Let's say I have 4 processors: I want to split the vector to be summed into 4 parts, and then have each processor locally add the elements inside. Then at the end, I can combine the results from each processor to get the total sum. From the cython documentation, I wasn't able to gather whether something like this is possible or not (the documentation is a little sparse).
I'd appreciate if someone could explain if/how something like this is done using cython/openmp, or maybe help locate some relevant examples (its been surprisingly hard to find simple ones online).
Upvotes: 4
Views: 107
Reputation: 22670
I want to split the vector to be summed into 4 parts, and then have each processor locally add the elements inside.
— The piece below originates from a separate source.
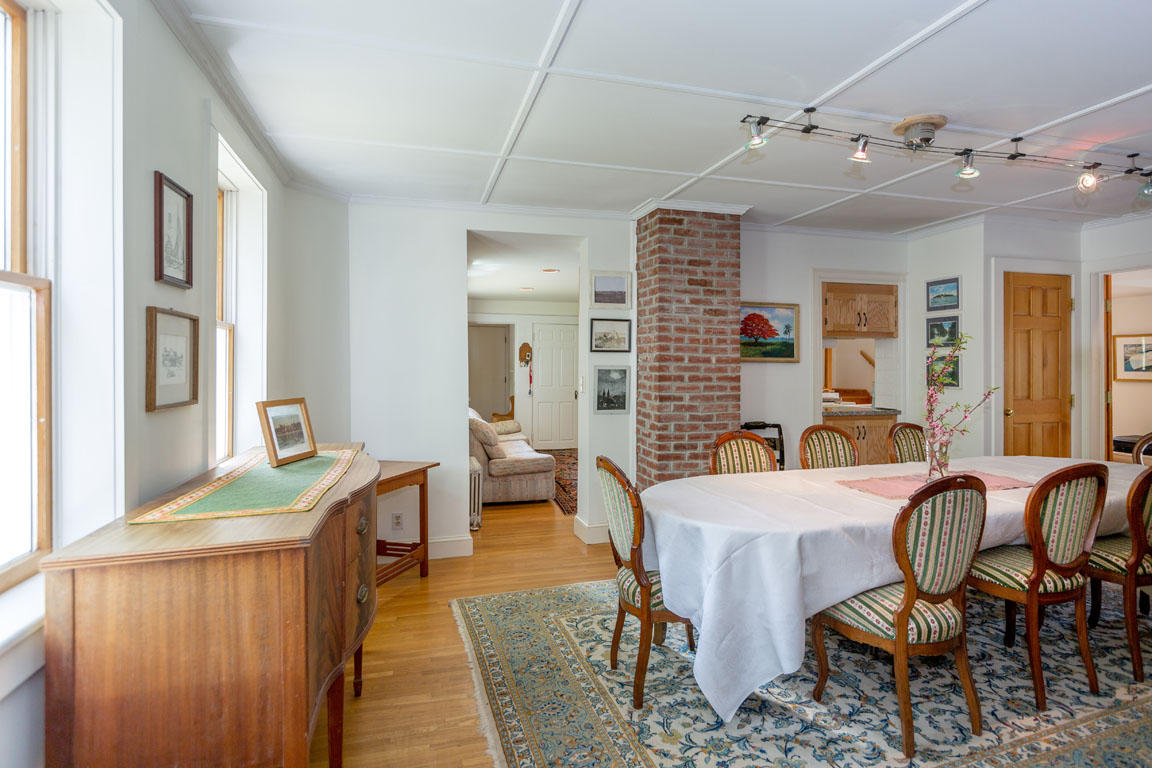 44 Raymond Road Brunswick, ME 04011 - Photo 16 of 30 44 Raymond dining 1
Then at the end, I can combine the results from each processor to get the total sum.
That's exactly what's happening here already. Cython infers from your inplace operation that you want to do a reduction. OpenMP will implement a parallel loop with private (zero initialized) copies of the total
variable and add them all to total
at the end of the loop.
In the generated C, this looks like this:
#pragma omp parallel
{
#pragma omp for firstprivate(__pyx_v_i) lastprivate(__pyx_v_i) reduction(+:__pyx_v_total)
for (__pyx_t_2 = 0; __pyx_t_2 < __pyx_t_3; __pyx_t_2++){
{
__pyx_v_i = (int)(0 + 1 * __pyx_t_2);
__pyx_t_4 = __pyx_v_i;
__pyx_v_total = (__pyx_v_total + (*((double *) ( /* dim=0 */ (__pyx_v_vec.data + __pyx_t_4 * __pyx_v_vec.strides[0]) ))));
}
}
}
You just need to enable OpenMP as described here.
The one thing that you should change in your code, is to initialize total = 0
, otherwise it's just an unitialized C variable with may contain garbage.
Upvotes: 1